Sollen wir es nun erleichternd oder schwer beunruhigend finden, mit welcher Überzeugung Mandatar_innen offensichtlich hinter ihren Parteien stehen? Ist das Land gar nicht so verloren, wie die Wahlergebnisse glauben machen? (Bei der Nationalratswahl im September haben von 1489 Walberechtigten knackige 5 Weikendorfer_innen die KPÖ gewählt. 254 die FPÖ.)

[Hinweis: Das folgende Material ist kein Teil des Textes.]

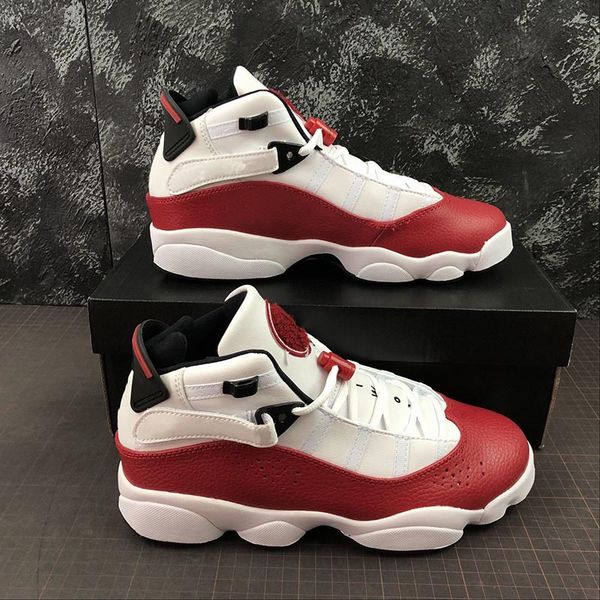 

New Arrival 6 Rings Basketball Shoes White Red Mens Women Real Leather High Quality Sport Sneaker Trainer With Box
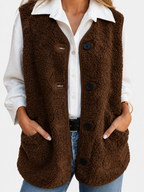Women's Teddy Sherpa Button Front Gilet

Ein Blick nach Graz macht alle aufkeimende Hoffnung zunichte. Auch dort gibt es politische Abgrenzungsschwierigkeiten zwischen KPÖ und FPÖ: Der FPÖ-Abgeordnete Armin Sippel (dessen Hobbies laut Eigenbeschreibung sind: «Fitness, Laufen, Skifahren, Angeln, Golf, Pokern, Lesen, Burschenschaft»), brachte am 17.10. einen «dringlichen Antrag» zur Abstimmung, «weitere Flüchtlings- und Asylantenzuweisungen [an die Stadt Graz, Anm.] bis auf Weiteres zu unterlassen.» Auf weniger rassistischem Deutsch bedeutet das, in Graz sollen keine weiteren Asylwerber_innen mehr leben und auf Entscheidungen in ihrem Asylverfahren warten dürfen. Wo sie das ansonsten tun sollen, wenn sich solche politischen Praxen durchsetzen lassen, diese Frage stellen wir hier nur rhetorisch. Fakt ist: Die Mehrheit der KPÖ-Mandatar_innen hat dem Antrag zugestimmt. Weil die schlechte Unterkunftslage dazu führe, dass die Asylwerber_innen in ihrer Not ausgenützt werden!, weiß Stadträtin Kahr schnell zu beschwichtigen. Darum ist es also besser, sie dürfen gleich gar nicht in die Stadt hinein. Das ist verwunderlich genug für eine Stadtpartei, die sich die Wohnpolitik auf die Fahnen schreibt («Als Außenstehendem bleibt einem die Spucke weg», so ein Posting auf der Website der KPÖ, dem wir uns nur anschließen können) – weniger verwunderlich scheint dann jedoch, wieso es zu solch reibungslosen Parteiwechseln kommen kann, wie ihn Weikendorf vorgemacht hat.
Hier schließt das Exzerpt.